**Exercise instructions:**
In the listing below, print exactly the lines between the line holding "Piso de 2 habitaciones" and the line holding "Kleurfoto van El", inclusive, and no more.

**Records for this task:**
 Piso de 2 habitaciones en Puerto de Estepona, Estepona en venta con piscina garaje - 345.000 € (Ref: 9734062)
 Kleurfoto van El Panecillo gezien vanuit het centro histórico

* * *

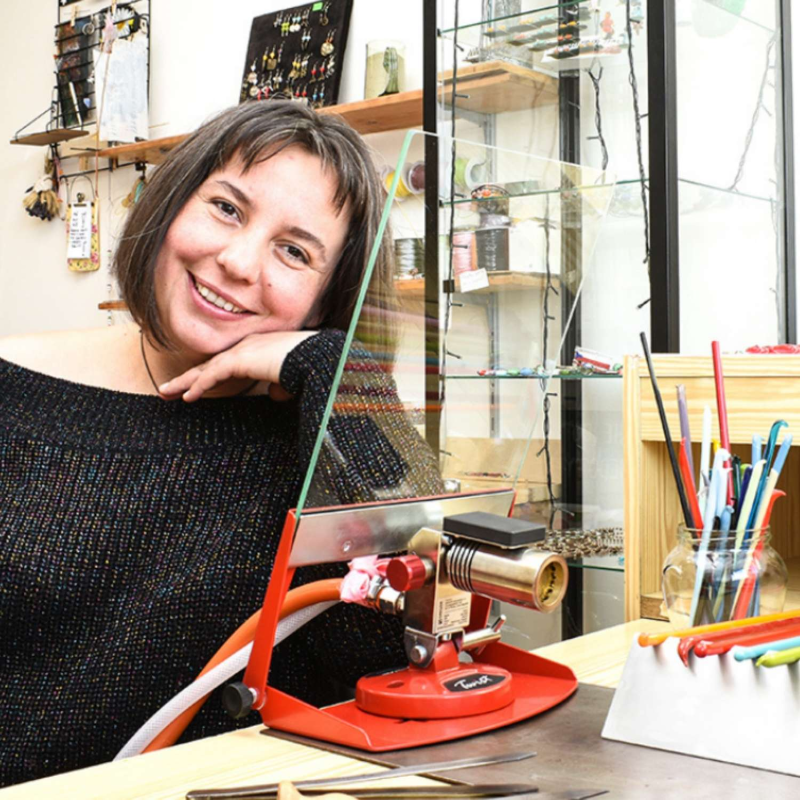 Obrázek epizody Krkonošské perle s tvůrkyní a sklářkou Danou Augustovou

* * *

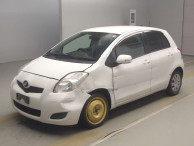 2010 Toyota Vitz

**Answer to the problem:**
 Piso de 2 habitaciones en Puerto de Estepona, Estepona en venta con piscina garaje - 345.000 € (Ref: 9734062)
 Kleurfoto van El Panecillo gezien vanuit het centro histórico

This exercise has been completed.